A gravity wave is a meteorological phenomenon where strong winds of one to two hours' duration occur along with a rapid fall and rise in surface pressure. Gravity waves usually form along the back edge of a large area of precipitation followed by rapid drying in the middle layers of the atmosphere (Figure A). There is a net upward motion in the area of rainfall followed by a net downward motion in the dry air behind. This produces a small pressure disturbance at the surface (Figure B). The pressure disturbance is allowed to grow due to the presence of a layer of stable air anywhere from 5,000 to 12,000 ft above the ground. This stable layer maintains and "ducts" the now-growing pressure wave horizontally along the earth's surface instead of allowing it to disperse up and outward through the depth of the atmosphere (Figure C). Gravity waves are more common during the cooler months of the year as stable temperature inversions aloft are more prevalent.

The amplitude of a gravity wave is determined by how much the pressure falls as the wave moves through. Several gravity waves in recent years have been measured with three to four millibar (0.09 to 0.12 inches of mercury) amplitudes in the Eastern Carolinas: April 19, 2004 and January 19, 2006 are good examples. These two gravity wave events produced wind gusts of 35 to 45 mph.

The gravity wave of October 25, 2008 had an eight millibar (0.24 inches of mercury) amplitude and produced wind gusts measured as high as 62 mph at Wrightsville Beach. Some gravity waves in other parts of the country have produced amplitudes as high as 15 millibars and wind gusts well over hurricane force.

An image of 700 mb conditions at 06z on October 25th, 2008 to show mid-level drying
Figure A
A cross section at 06z on October 25th, 2008 to show the gravity wave
Figure B
Skew-T at 06z on October 25th, 2008 to show the ducting
Figure C

Wind and Rain Totals during Gravity Wave of October 25th, 2008 Wind and Rain Reports


Below is a radar loop of radial velocity from the KLTX radar in Shallotte, NC. You can find the exact location of the radar by looking for the black hole across southwestern Brunswick County. As the radar beam goes out into the sky, due to the angle off of the ground, it misses targets directly around the radar location itself. This area that is not "seen" by the radar is better known as the cone of silence.

Now that you know where the radar is located we can go more in depth on how this image helps us detect strong winds above the surface. The red colors on this image are winds blowing away from the radar site. Looking at the scale at the top, the brighter red colors indicate a stronger wind speed.
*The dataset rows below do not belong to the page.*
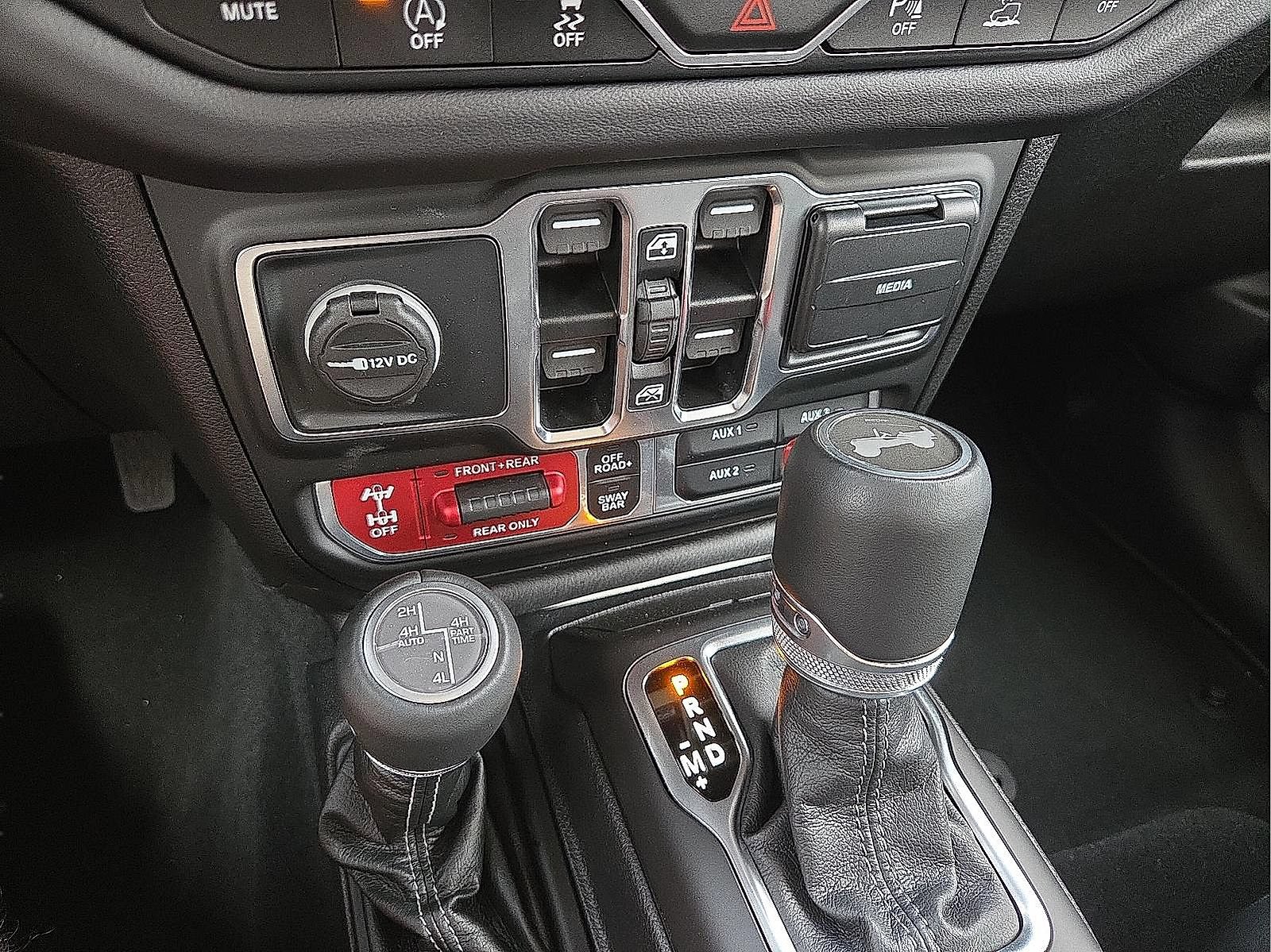 Used 2025 Jeep Wrangler Unlimited Rubicon AWD/4WD image 11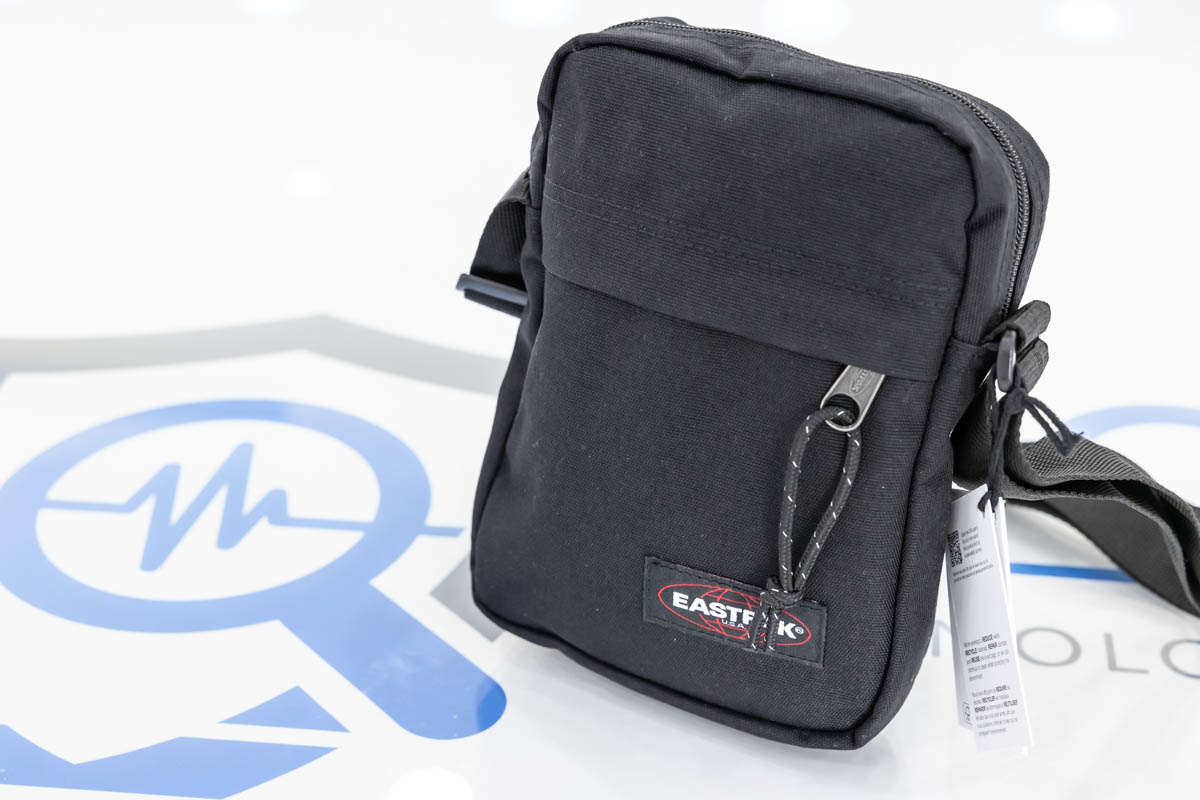 Localizzatore satellitare real time con 30 giorni di autonomia in stand-by occultato in borsello Eastpack DES.12
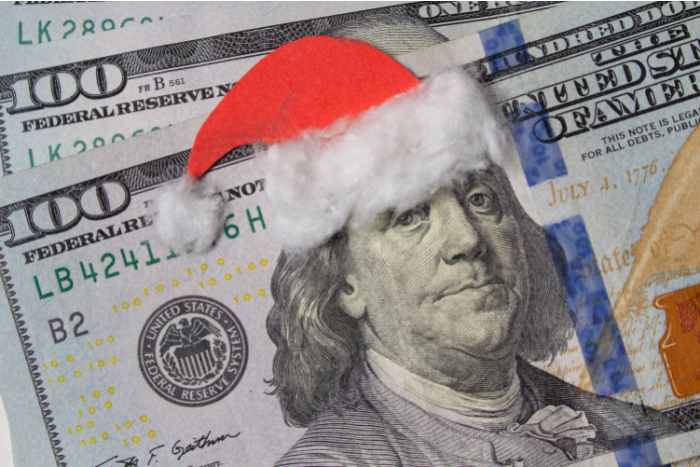 How to Save Money For The Best Christmas Ever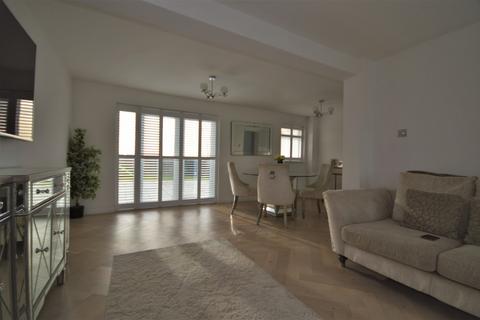 74 Brooklands Road, Brantham, Manningtree, CO11 1RP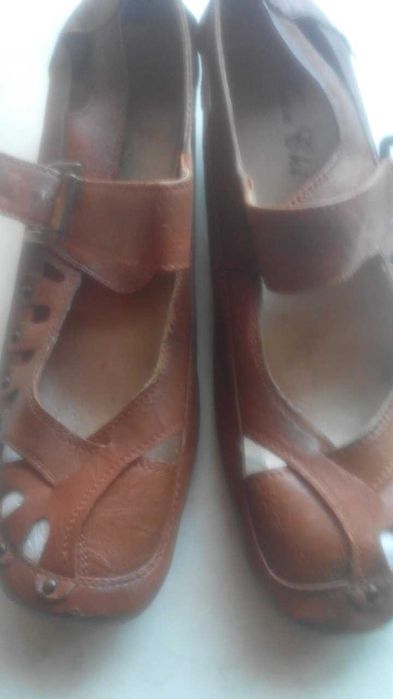 женские туфли кожаные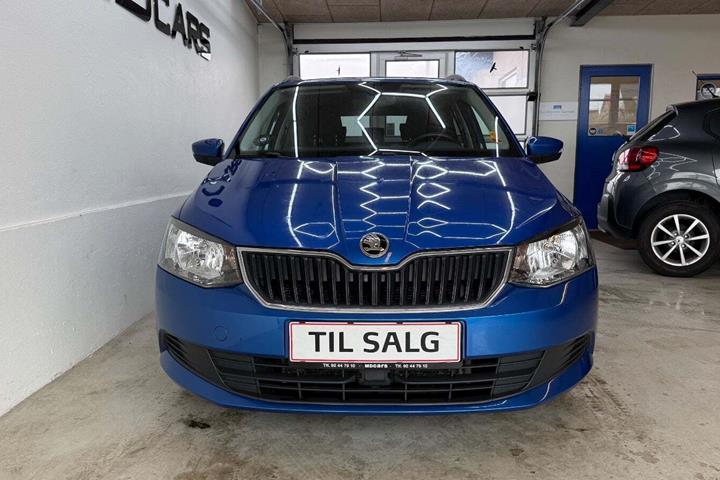 Blå Skoda Fabia fra 2018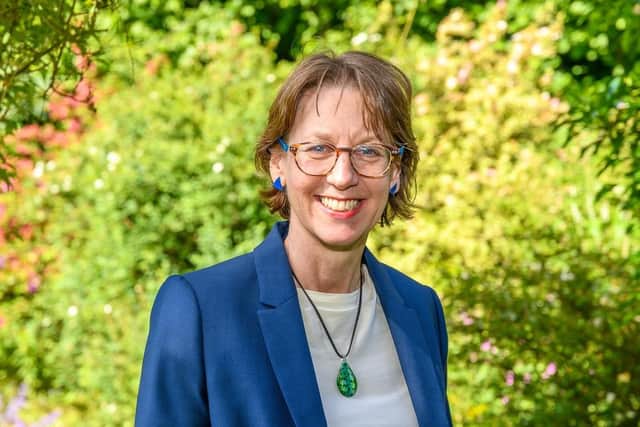 Lesley Burton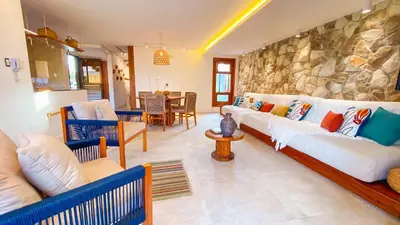 Uma área de estar em Flecheiras The House - Casa beira mar com piscina privativa em condomínio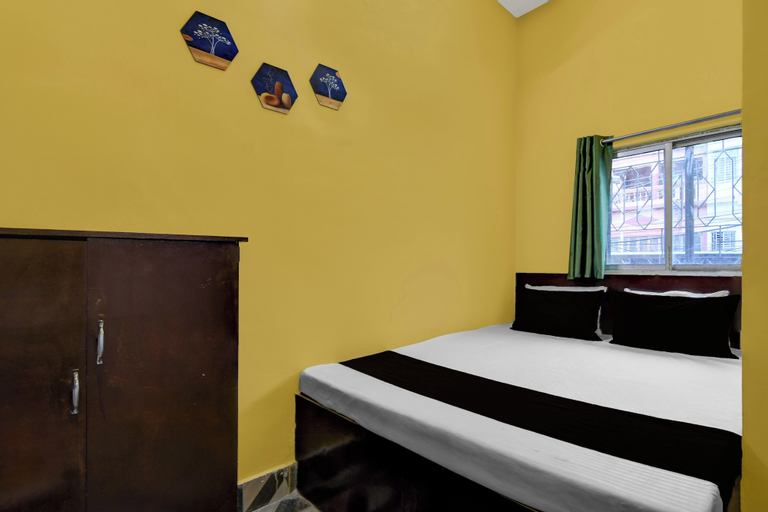 Others 4, Hotel O Madhyamgram Railway Junction, North 24 Parganas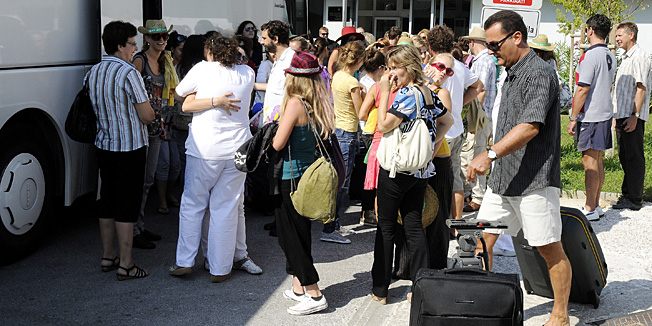 Dubrovnik, 030909.Danas su dubrovacki maturanti po povratku iz Barcelone, gdje su bili na maturalcu direktno iz autobusa dovezeni u Dubrovacku opcu bolnicu, gdje je nekolicina njih koja je imala temperaturu pregledana i pustena kuci na kucnu njegu. Na fotografiji: izlazak maturanata iz autobusa nakon sto su im doktori dozvolili izlazak.Foto: Admir Buljubasic / CROPIX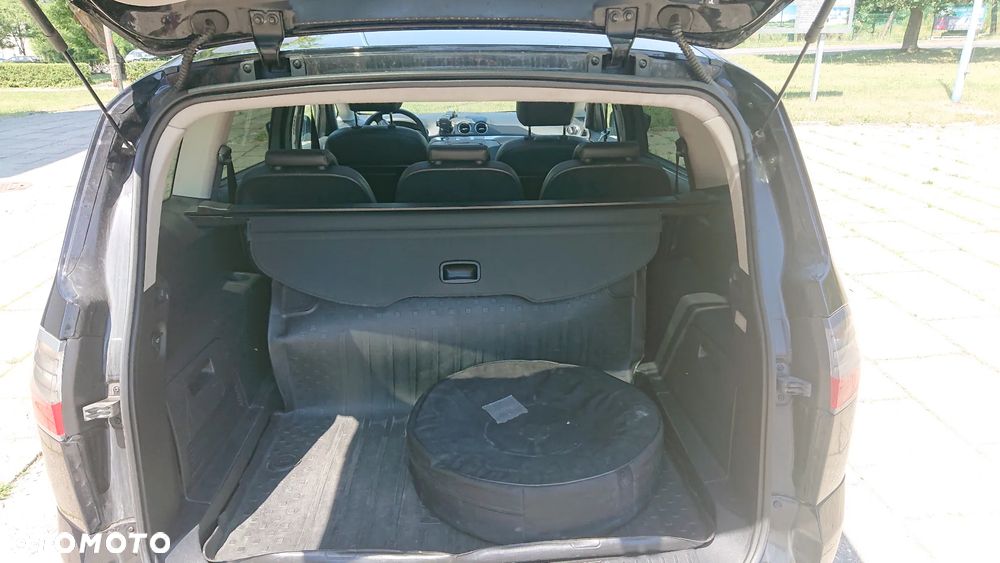 Ford S-Max 2.5 Titanium - 9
The other main color on this image is green and this indicates winds toward the radar. Much like with the red color, the brighter shades of green represent stronger winds.

As this image animates notice the bright red and pink shading across western Horry and western Columbus counties. We circled this area in yellow for you. The radar is indicating that in this area, winds between 1,000 and 3,000 feet above the surface are blowing 60 knots (69 mph) or greater. Now, all of this wind did not make it down to the surface but we did see wind gusts between 45 and 60 mph. This gives you an idea of how radar imagery can help us detect and track strong winds above the surface. In this case, these strong winds were caused by a gravity wave.